English shepherd's pie is a classic dish that originated in England in the 18th century. It was traditionally made as a way to use up leftover roast meat, such as lamb or beef, and vegetables from a Sunday roast. The dish was originally called "cottage pie" and was made with minced meat and mashed potatoes.
The dish was later renamed "shepherd's pie" when it became popular among shepherds and farmers in rural England. The recipe remained largely the same, with minced lamb being used as the meat component, and the mashed potato topping being flavored with butter and milk.
Today, shepherd's pie is a popular comfort food that is enjoyed around the world. It is typically made with ground lamb or beef, onions, carrots, peas, and other vegetables, which are simmered together in a savory gravy. The mixture is then topped with a layer of mashed potatoes and baked until golden brown.
The flavor of shepherd's pie is savory and comforting, with a rich meaty flavor from the lamb or beef and a creamy, buttery flavor from the mashed potatoes. The vegetables add a slightly sweet and earthy flavor to the dish, while the gravy ties everything together with a savory umami flavor. Overall, shepherd's pie is a hearty and satisfying dish that is perfect for chilly evenings or as a way to use up leftover meat and vegetables.
Shepherd's pie - Here's a recipe for shepherd's pie at 6000 feet:
Ingredients:
2 pounds POTATO, peeled and diced
1/2 cup MILK
4 tablespoons unsalted BUTTER
1 tablespoon olive OIL
1 ONION, chopped
2 CARROTS, peeled and diced
2 CELERY stalks, diced (I skip this)
2 cloves GARLIC, minced
1 pound ground LAMB
1 tablespoon TOMATO PASTE
1 cup beef BROTH
1 tablespoon WORCESTERSHIRE sauce
1 tablespoon chopped fresh THYME leaves
Salt and freshly ground black PEPPER
1 cup frozen PEAS
1/2 cup grated cheddar CHEES
Instructions:
Preheat the oven to 375°F.
Place the potatoes in a large pot and cover with water. Bring to a boil over high heat and cook until tender, about 20 minutes.
Drain the potatoes and return them to the pot. Add the milk and butter and mash until smooth. Season with salt and pepper to taste.
In a large skillet, heat the olive oil over medium-high heat. Add the onion, carrots, celery, and garlic and cook until the vegetables are tender, about 5 minutes.
Add the ground lamb and cook until browned, breaking it up with a wooden spoon as it cooks. Drain off any excess fat.
Stir in the tomato paste, beef broth, Worcestershire sauce, thyme, salt, and pepper.
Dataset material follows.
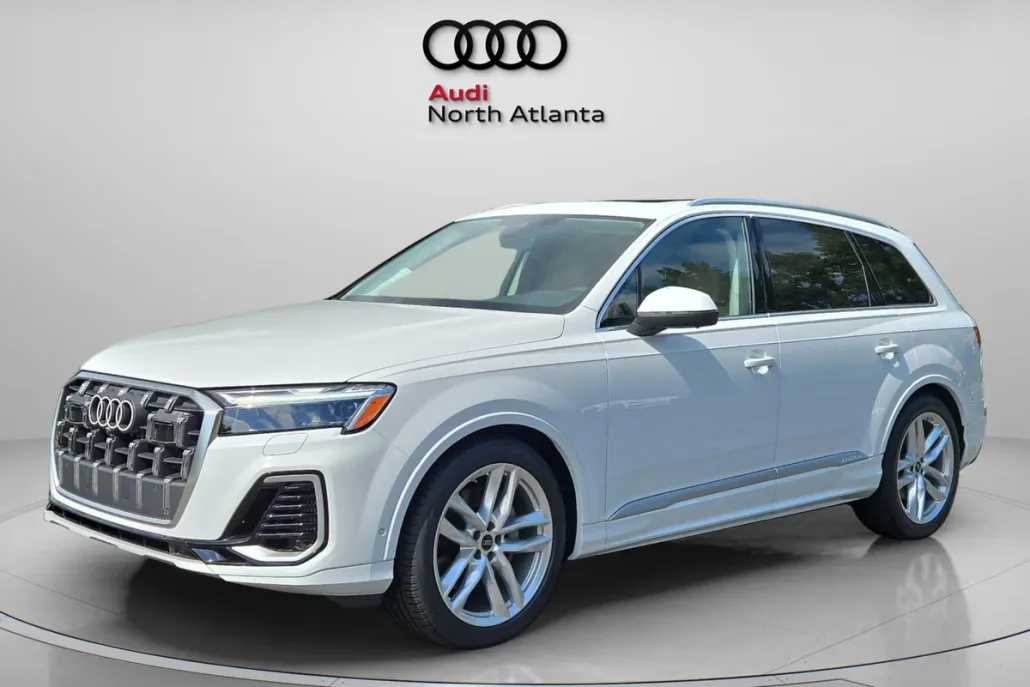 2025 Audi Q7 55 Premium Plus photo 1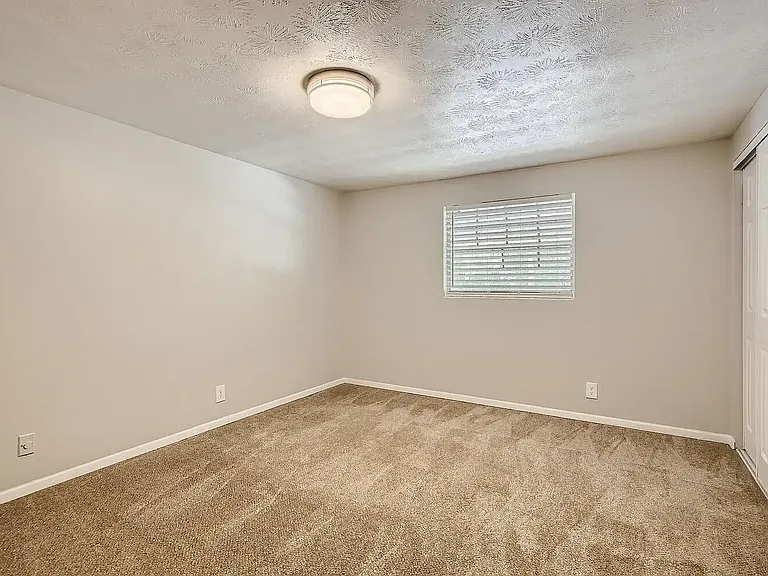 Lake Park Colonial Apartments — Photo 7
Bring to a simmer and cook until the mixture thickens slightly, about 5 minutes.
Stir in the frozen peas and cook for an additional minute.
Spread the lamb mixture in a 9x13 inch baking dish. Top with the mashed potatoes, smoothing the top with a spoon or spatula.
Sprinkle the grated cheddar cheese over the top of the potatoes.
Bake for 25-30 minutes, or until the cheese is melted and bubbly and the shepherd's pie is heated through.
Enjoy your delicious shepherd's pie at high altitude!